WHAT IS BEING ASKED: Leaving out any pictures, transcribe every record exactly.

[SUPPLIED RECORDS]

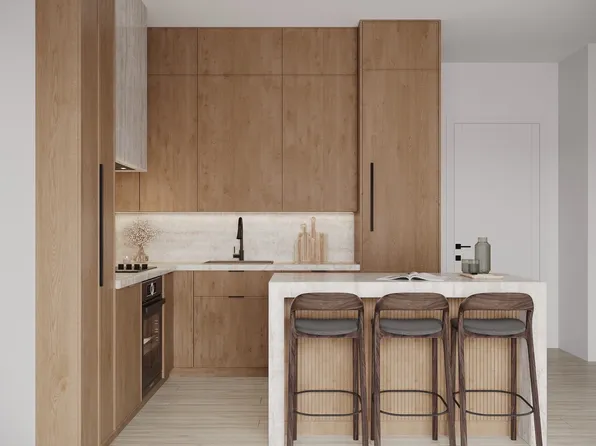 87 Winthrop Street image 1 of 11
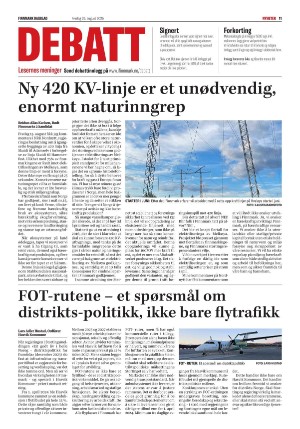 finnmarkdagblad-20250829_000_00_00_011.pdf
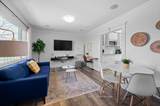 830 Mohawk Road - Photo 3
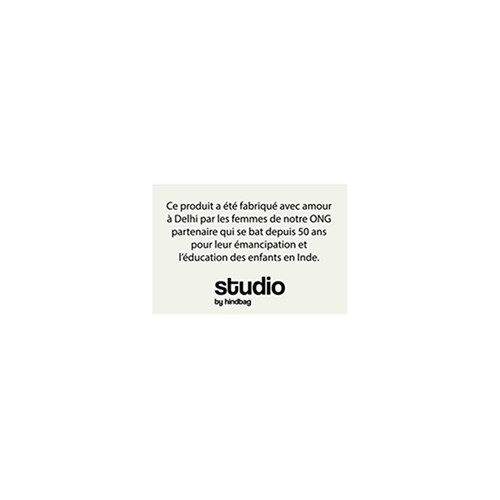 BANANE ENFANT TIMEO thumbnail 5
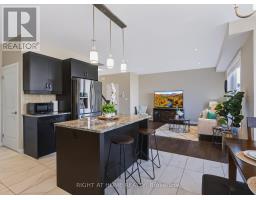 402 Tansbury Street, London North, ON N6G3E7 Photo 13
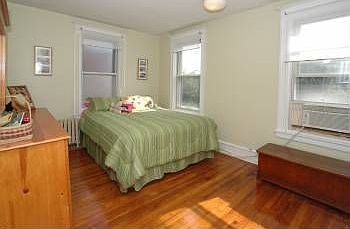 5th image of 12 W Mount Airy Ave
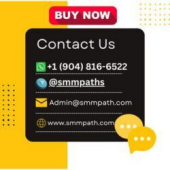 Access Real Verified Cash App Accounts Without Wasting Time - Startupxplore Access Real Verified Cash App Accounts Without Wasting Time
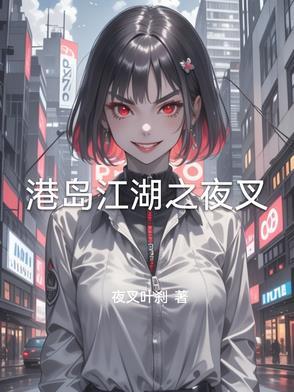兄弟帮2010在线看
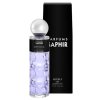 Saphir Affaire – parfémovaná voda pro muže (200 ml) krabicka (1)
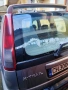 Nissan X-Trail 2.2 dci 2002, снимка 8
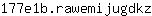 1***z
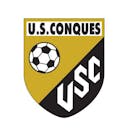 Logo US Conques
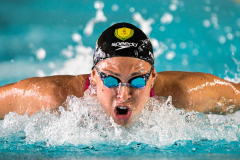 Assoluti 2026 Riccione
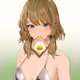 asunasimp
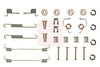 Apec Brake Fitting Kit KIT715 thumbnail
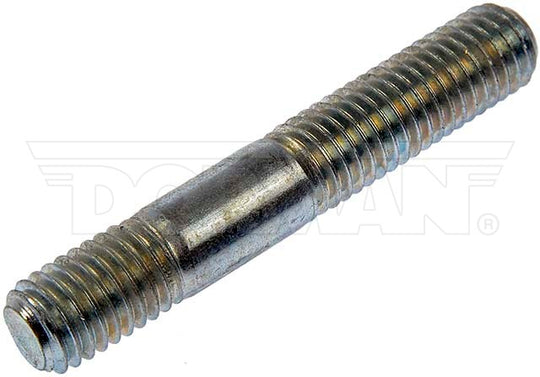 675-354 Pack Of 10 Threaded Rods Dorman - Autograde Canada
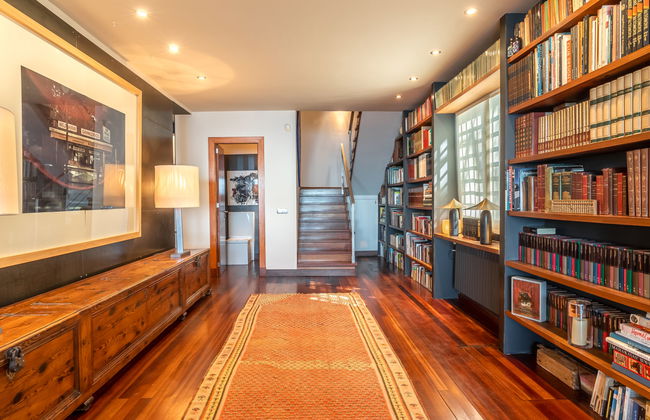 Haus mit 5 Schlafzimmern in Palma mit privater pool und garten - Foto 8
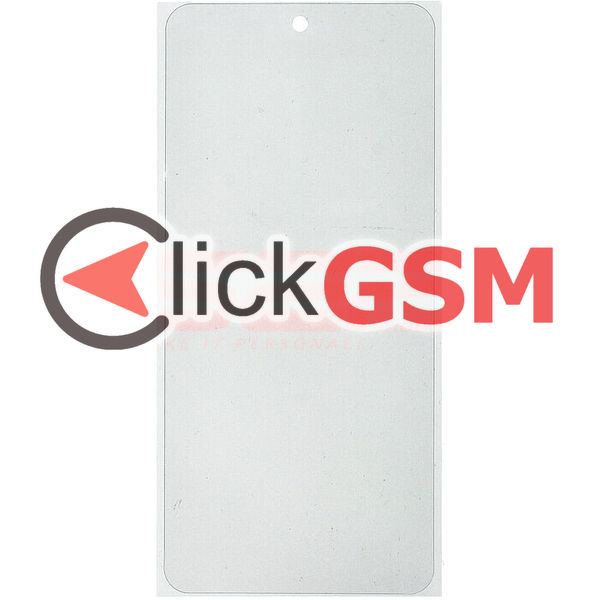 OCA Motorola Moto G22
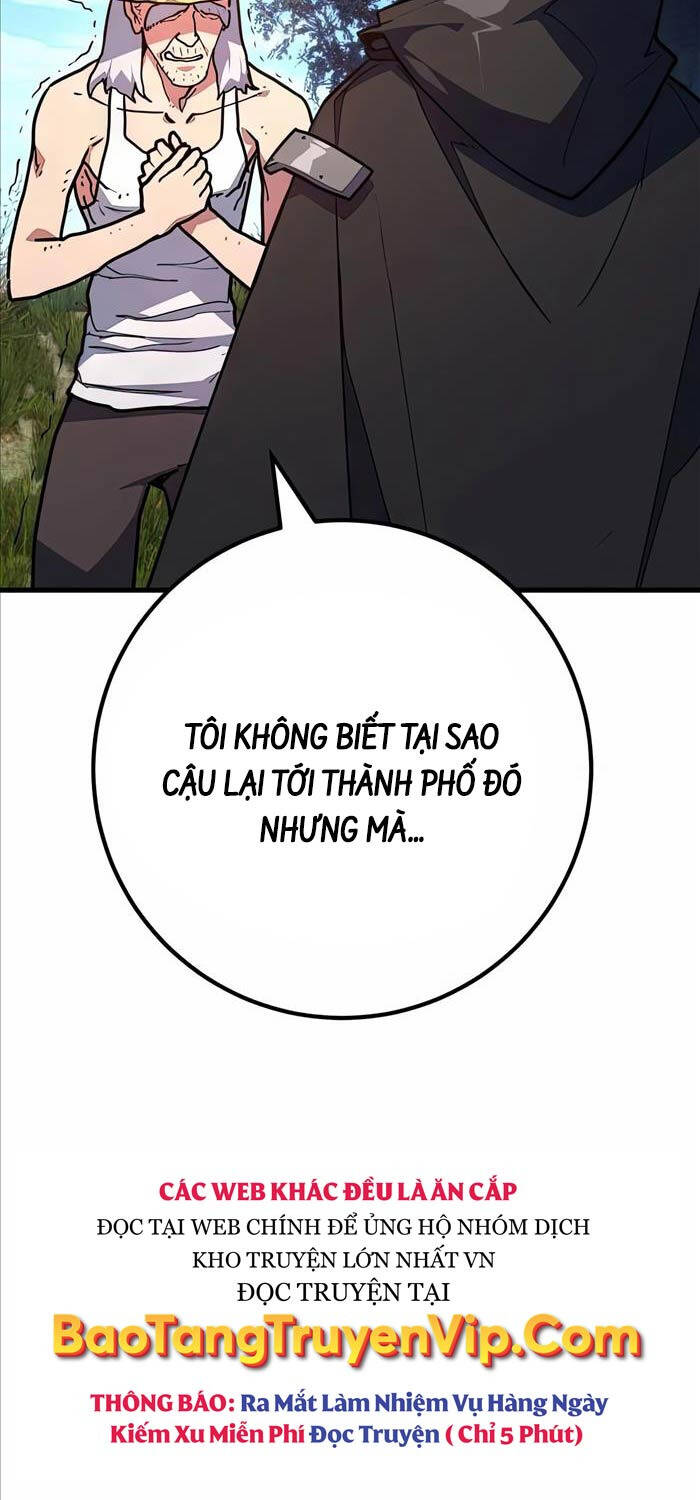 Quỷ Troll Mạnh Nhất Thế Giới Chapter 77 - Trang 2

[/SUPPLIED RECORDS]

TASK RESULT:
 87 Winthrop Street image 1 of 11
 finnmarkdagblad-20250829_000_00_00_011.pdf
 830 Mohawk Road - Photo 3
 BANANE ENFANT TIMEO thumbnail 5
 402 Tansbury Street, London North, ON N6G3E7 Photo 13
 5th image of 12 W Mount Airy Ave
 Access Real Verified Cash App Accounts Without Wasting Time - Startupxplore Access Real Verified Cash App Accounts Without Wasting Time
兄弟帮2010在线看
 Saphir Affaire – parfémovaná voda pro muže (200 ml) krabicka (1)
 Nissan X-Trail 2.2 dci 2002, снимка 8
 1***z
 Logo US Conques
 Assoluti 2026 Riccione
 asunasimp
 Apec Brake Fitting Kit KIT715 thumbnail
 675-354 Pack Of 10 Threaded Rods Dorman - Autograde Canada
 Haus mit 5 Schlafzimmern in Palma mit privater pool und garten - Foto 8
 OCA Motorola Moto G22
 Quỷ Troll Mạnh Nhất Thế Giới Chapter 77 - Trang 2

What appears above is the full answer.